### [RECORDS FOR PROCESSING]

━━━━

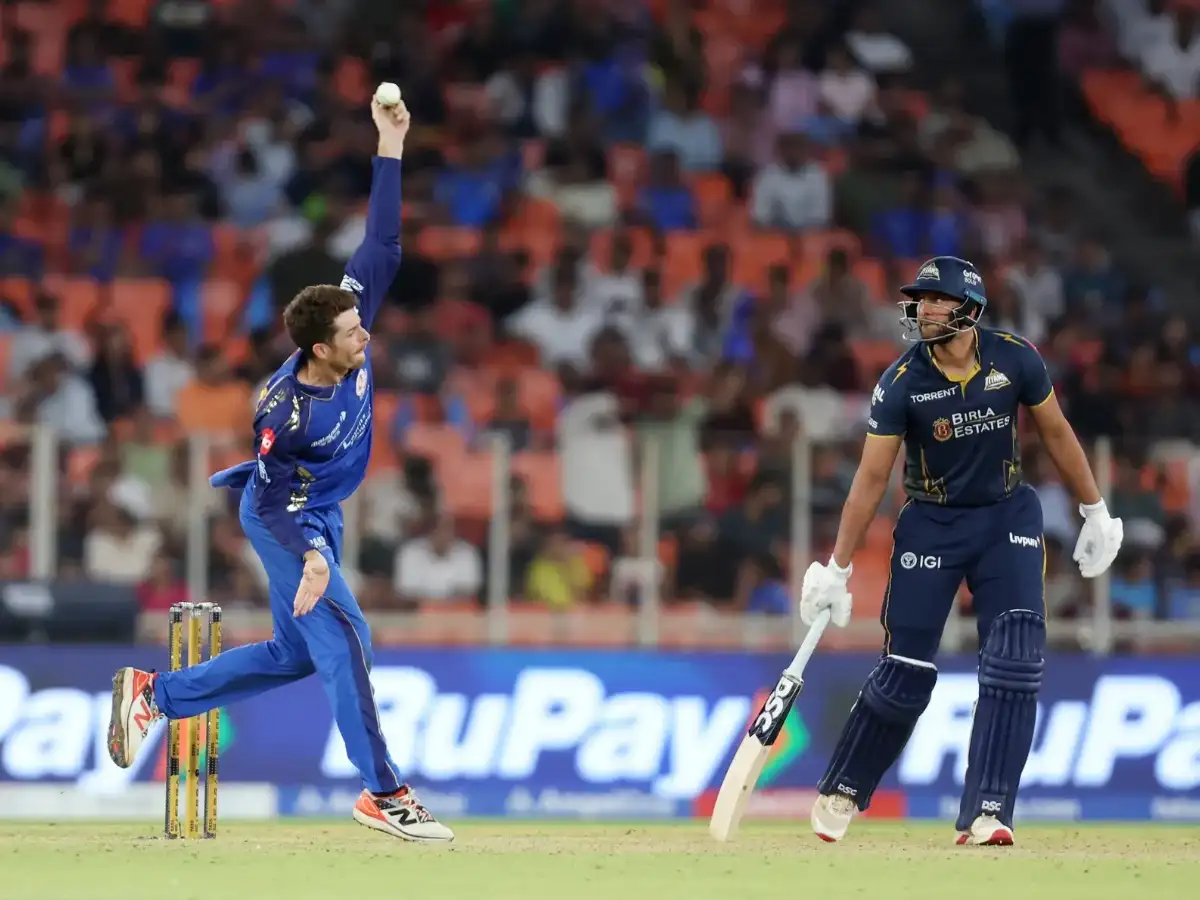 IPL teams appeal for tax rematch: 'Treat event as sport, not entertainment'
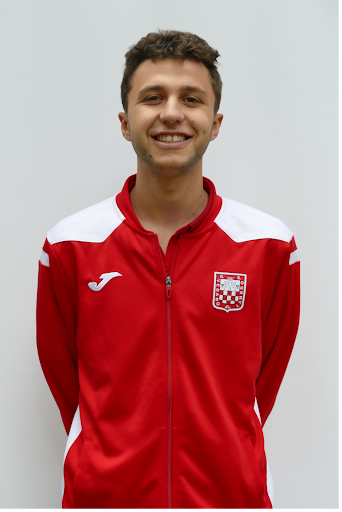 Alessandro Arban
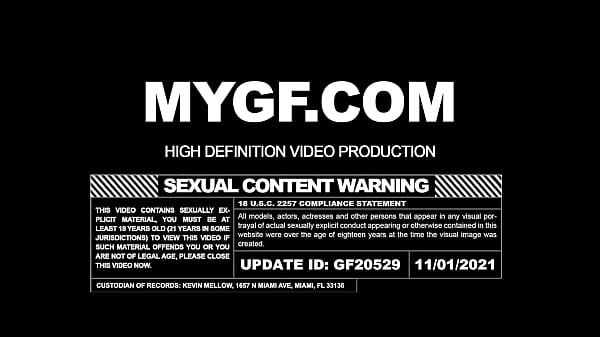 Hardcore Oil Massage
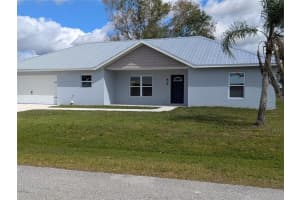 11634 PINE AVENUE, ARCADIA, FL 34269 Sold 04/09/25
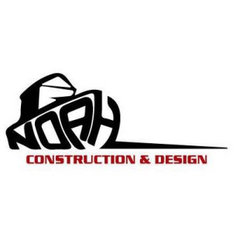 Noah Construction & Design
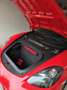 Porsche 718 718 Boxster Style Edition PDK+ Garantie,wie NEU! Rot - thumbnail 7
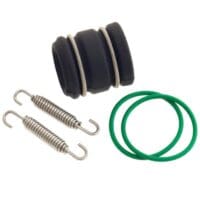 800Wx800H-1120262-1 BOLT Exhaust Hardware Kit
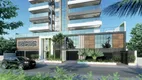 Foto 20 de Apartamento com 3 Quartos à venda, 118m² em Centro, Itajaí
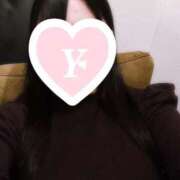 ヒメ日記 2024/12/24 22:12 投稿 ゆあ ごほうびSPA 大阪店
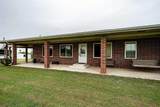 16271 Fm 880 - Photo 11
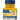 Winsor & Newton Encres de Calligraphie Pot 30Ml Winsor Jaune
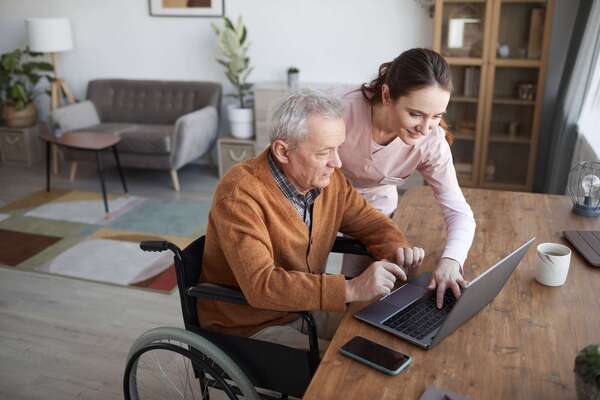 Assurance-vie : qui pilote le contrat lorsque le souscripteur est sous protection juridique ?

━━━━

### [ACTIVITY]
Every line from the one containing "Noah Construction & Design" to the last line of the material must be returned exactly. Leave out any pictures.

### [WORKED SOLUTION]
 Noah Construction & Design
 Porsche 718 718 Boxster Style Edition PDK+ Garantie,wie NEU! Rot - thumbnail 7
 800Wx800H-1120262-1 BOLT Exhaust Hardware Kit
 Foto 20 de Apartamento com 3 Quartos à venda, 118m² em Centro, Itajaí
 ヒメ日記 2024/12/24 22:12 投稿 ゆあ ごほうびSPA 大阪店
 16271 Fm 880 - Photo 11
 Winsor & Newton Encres de Calligraphie Pot 30Ml Winsor Jaune
 Assurance-vie : qui pilote le contrat lorsque le souscripteur est sous protection juridique ?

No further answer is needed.